Print the listing in full, keeping every line exactly as it is.

= Beginning of Section =

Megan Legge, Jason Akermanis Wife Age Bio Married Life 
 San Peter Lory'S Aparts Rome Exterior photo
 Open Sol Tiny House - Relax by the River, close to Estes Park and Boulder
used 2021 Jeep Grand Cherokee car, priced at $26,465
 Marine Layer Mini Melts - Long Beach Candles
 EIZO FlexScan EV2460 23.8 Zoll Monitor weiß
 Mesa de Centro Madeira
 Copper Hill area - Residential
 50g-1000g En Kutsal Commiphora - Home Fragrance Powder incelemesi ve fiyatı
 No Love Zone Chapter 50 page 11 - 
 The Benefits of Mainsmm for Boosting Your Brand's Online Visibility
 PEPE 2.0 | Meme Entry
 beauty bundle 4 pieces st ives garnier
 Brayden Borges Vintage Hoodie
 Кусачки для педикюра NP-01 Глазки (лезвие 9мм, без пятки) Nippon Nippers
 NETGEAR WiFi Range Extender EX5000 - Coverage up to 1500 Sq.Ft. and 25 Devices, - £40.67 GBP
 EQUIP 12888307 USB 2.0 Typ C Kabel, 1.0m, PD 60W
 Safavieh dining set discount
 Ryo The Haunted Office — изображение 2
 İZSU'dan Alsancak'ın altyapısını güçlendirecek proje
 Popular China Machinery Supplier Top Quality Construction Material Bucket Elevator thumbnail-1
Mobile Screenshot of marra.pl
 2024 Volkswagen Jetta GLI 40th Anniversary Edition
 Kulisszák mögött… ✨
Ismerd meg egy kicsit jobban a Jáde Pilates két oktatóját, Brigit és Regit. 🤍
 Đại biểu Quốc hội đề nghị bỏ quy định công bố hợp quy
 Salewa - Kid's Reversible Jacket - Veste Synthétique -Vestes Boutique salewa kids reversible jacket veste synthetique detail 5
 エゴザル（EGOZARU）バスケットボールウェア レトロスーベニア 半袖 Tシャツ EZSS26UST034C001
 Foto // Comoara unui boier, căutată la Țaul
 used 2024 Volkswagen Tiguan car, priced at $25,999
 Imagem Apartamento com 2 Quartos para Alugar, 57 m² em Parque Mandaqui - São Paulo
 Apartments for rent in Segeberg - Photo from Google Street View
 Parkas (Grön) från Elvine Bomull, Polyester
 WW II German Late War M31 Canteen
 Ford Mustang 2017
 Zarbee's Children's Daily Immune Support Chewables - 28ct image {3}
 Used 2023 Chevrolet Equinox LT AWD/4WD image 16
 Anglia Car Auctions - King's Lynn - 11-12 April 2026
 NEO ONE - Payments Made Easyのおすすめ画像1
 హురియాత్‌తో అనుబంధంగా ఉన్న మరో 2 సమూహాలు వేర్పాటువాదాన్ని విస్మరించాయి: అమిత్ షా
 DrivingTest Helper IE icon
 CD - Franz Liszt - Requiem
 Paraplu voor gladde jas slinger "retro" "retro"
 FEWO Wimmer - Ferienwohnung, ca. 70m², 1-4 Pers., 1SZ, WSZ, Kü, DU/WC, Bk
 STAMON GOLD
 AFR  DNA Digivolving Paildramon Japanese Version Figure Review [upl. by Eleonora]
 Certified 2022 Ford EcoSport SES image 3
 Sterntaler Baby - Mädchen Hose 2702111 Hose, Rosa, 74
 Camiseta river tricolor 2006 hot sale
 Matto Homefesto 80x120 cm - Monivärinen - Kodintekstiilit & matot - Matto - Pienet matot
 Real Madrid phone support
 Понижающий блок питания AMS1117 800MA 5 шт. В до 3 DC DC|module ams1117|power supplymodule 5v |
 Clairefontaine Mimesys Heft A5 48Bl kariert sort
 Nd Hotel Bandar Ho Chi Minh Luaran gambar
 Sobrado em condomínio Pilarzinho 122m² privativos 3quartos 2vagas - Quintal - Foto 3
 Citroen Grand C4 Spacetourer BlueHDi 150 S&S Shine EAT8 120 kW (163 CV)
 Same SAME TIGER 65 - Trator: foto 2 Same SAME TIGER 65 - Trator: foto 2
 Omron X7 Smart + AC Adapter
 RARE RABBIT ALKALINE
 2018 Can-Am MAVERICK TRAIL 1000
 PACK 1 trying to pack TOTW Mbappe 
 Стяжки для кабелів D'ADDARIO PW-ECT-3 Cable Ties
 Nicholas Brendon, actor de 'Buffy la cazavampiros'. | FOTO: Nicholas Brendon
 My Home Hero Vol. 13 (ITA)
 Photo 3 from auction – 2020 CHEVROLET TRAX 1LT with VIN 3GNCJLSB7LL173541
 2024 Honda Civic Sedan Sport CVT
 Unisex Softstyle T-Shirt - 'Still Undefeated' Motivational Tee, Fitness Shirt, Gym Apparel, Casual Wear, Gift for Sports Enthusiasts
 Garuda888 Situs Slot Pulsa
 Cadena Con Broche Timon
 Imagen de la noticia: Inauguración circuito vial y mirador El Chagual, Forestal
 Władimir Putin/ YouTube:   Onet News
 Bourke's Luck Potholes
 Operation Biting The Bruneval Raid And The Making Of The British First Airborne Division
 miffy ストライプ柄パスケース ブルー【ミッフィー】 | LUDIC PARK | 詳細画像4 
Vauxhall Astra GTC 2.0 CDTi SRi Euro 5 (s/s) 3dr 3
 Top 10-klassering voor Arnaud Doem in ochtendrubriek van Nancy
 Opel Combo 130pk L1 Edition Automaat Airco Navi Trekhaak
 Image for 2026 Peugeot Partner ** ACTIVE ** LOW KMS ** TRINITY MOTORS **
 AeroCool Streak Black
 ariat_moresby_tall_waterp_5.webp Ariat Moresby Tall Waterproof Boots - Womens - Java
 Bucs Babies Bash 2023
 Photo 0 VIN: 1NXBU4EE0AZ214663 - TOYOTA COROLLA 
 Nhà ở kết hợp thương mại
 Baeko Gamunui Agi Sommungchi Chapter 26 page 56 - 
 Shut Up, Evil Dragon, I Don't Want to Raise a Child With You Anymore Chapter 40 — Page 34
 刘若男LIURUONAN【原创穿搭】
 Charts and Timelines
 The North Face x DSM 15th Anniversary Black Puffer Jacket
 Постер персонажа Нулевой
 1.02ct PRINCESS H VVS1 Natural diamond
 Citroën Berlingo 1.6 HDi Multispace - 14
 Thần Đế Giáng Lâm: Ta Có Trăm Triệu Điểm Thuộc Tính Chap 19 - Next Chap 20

= End of Section =

▶ Written answer
Megan Legge, Jason Akermanis Wife Age Bio Married Life 
 San Peter Lory'S Aparts Rome Exterior photo
 Open Sol Tiny House - Relax by the River, close to Estes Park and Boulder
used 2021 Jeep Grand Cherokee car, priced at $26,465
 Marine Layer Mini Melts - Long Beach Candles
 EIZO FlexScan EV2460 23.8 Zoll Monitor weiß
 Mesa de Centro Madeira
 Copper Hill area - Residential
 50g-1000g En Kutsal Commiphora - Home Fragrance Powder incelemesi ve fiyatı
 No Love Zone Chapter 50 page 11 - 
 The Benefits of Mainsmm for Boosting Your Brand's Online Visibility
 PEPE 2.0 | Meme Entry
 beauty bundle 4 pieces st ives garnier
 Brayden Borges Vintage Hoodie
 Кусачки для педикюра NP-01 Глазки (лезвие 9мм, без пятки) Nippon Nippers
 NETGEAR WiFi Range Extender EX5000 - Coverage up to 1500 Sq.Ft. and 25 Devices, - £40.67 GBP
 EQUIP 12888307 USB 2.0 Typ C Kabel, 1.0m, PD 60W
 Safavieh dining set discount
 Ryo The Haunted Office — изображение 2
 İZSU'dan Alsancak'ın altyapısını güçlendirecek proje
 Popular China Machinery Supplier Top Quality Construction Material Bucket Elevator thumbnail-1
Mobile Screenshot of marra.pl
 2024 Volkswagen Jetta GLI 40th Anniversary Edition
 Kulisszák mögött… ✨
Ismerd meg egy kicsit jobban a Jáde Pilates két oktatóját, Brigit és Regit. 🤍
 Đại biểu Quốc hội đề nghị bỏ quy định công bố hợp quy
 Salewa - Kid's Reversible Jacket - Veste Synthétique -Vestes Boutique salewa kids reversible jacket veste synthetique detail 5
 エゴザル（EGOZARU）バスケットボールウェア レトロスーベニア 半袖 Tシャツ EZSS26UST034C001
 Foto // Comoara unui boier, căutată la Țaul
 used 2024 Volkswagen Tiguan car, priced at $25,999
 Imagem Apartamento com 2 Quartos para Alugar, 57 m² em Parque Mandaqui - São Paulo
 Apartments for rent in Segeberg - Photo from Google Street View
 Parkas (Grön) från Elvine Bomull, Polyester
 WW II German Late War M31 Canteen
 Ford Mustang 2017
 Zarbee's Children's Daily Immune Support Chewables - 28ct image {3}
 Used 2023 Chevrolet Equinox LT AWD/4WD image 16
 Anglia Car Auctions - King's Lynn - 11-12 April 2026
 NEO ONE - Payments Made Easyのおすすめ画像1
 హురియాత్‌తో అనుబంధంగా ఉన్న మరో 2 సమూహాలు వేర్పాటువాదాన్ని విస్మరించాయి: అమిత్ షా
 DrivingTest Helper IE icon
 CD - Franz Liszt - Requiem
 Paraplu voor gladde jas slinger "retro" "retro"
 FEWO Wimmer - Ferienwohnung, ca. 70m², 1-4 Pers., 1SZ, WSZ, Kü, DU/WC, Bk
 STAMON GOLD
 AFR  DNA Digivolving Paildramon Japanese Version Figure Review [upl. by Eleonora]
 Certified 2022 Ford EcoSport SES image 3
 Sterntaler Baby - Mädchen Hose 2702111 Hose, Rosa, 74
 Camiseta river tricolor 2006 hot sale
 Matto Homefesto 80x120 cm - Monivärinen - Kodintekstiilit & matot - Matto - Pienet matot
 Real Madrid phone support
 Понижающий блок питания AMS1117 800MA 5 шт. В до 3 DC DC|module ams1117|power supplymodule 5v |
 Clairefontaine Mimesys Heft A5 48Bl kariert sort
 Nd Hotel Bandar Ho Chi Minh Luaran gambar
 Sobrado em condomínio Pilarzinho 122m² privativos 3quartos 2vagas - Quintal - Foto 3
 Citroen Grand C4 Spacetourer BlueHDi 150 S&S Shine EAT8 120 kW (163 CV)
 Same SAME TIGER 65 - Trator: foto 2 Same SAME TIGER 65 - Trator: foto 2
 Omron X7 Smart + AC Adapter
 RARE RABBIT ALKALINE
 2018 Can-Am MAVERICK TRAIL 1000
 PACK 1 trying to pack TOTW Mbappe 
 Стяжки для кабелів D'ADDARIO PW-ECT-3 Cable Ties
 Nicholas Brendon, actor de 'Buffy la cazavampiros'. | FOTO: Nicholas Brendon
 My Home Hero Vol. 13 (ITA)
 Photo 3 from auction – 2020 CHEVROLET TRAX 1LT with VIN 3GNCJLSB7LL173541
 2024 Honda Civic Sedan Sport CVT
 Unisex Softstyle T-Shirt - 'Still Undefeated' Motivational Tee, Fitness Shirt, Gym Apparel, Casual Wear, Gift for Sports Enthusiasts
 Garuda888 Situs Slot Pulsa
 Cadena Con Broche Timon
 Imagen de la noticia: Inauguración circuito vial y mirador El Chagual, Forestal
 Władimir Putin/ YouTube:   Onet News
 Bourke's Luck Potholes
 Operation Biting The Bruneval Raid And The Making Of The British First Airborne Division
 miffy ストライプ柄パスケース ブルー【ミッフィー】 | LUDIC PARK | 詳細画像4 
Vauxhall Astra GTC 2.0 CDTi SRi Euro 5 (s/s) 3dr 3
 Top 10-klassering voor Arnaud Doem in ochtendrubriek van Nancy
 Opel Combo 130pk L1 Edition Automaat Airco Navi Trekhaak
 Image for 2026 Peugeot Partner ** ACTIVE ** LOW KMS ** TRINITY MOTORS **
 AeroCool Streak Black
 ariat_moresby_tall_waterp_5.webp Ariat Moresby Tall Waterproof Boots - Womens - Java
 Bucs Babies Bash 2023
 Photo 0 VIN: 1NXBU4EE0AZ214663 - TOYOTA COROLLA 
 Nhà ở kết hợp thương mại
 Baeko Gamunui Agi Sommungchi Chapter 26 page 56 - 
 Shut Up, Evil Dragon, I Don't Want to Raise a Child With You Anymore Chapter 40 — Page 34
 刘若男LIURUONAN【原创穿搭】
 Charts and Timelines
 The North Face x DSM 15th Anniversary Black Puffer Jacket
 Постер персонажа Нулевой
 1.02ct PRINCESS H VVS1 Natural diamond
 Citroën Berlingo 1.6 HDi Multispace - 14
 Thần Đế Giáng Lâm: Ta Có Trăm Triệu Điểm Thuộc Tính Chap 19 - Next Chap 20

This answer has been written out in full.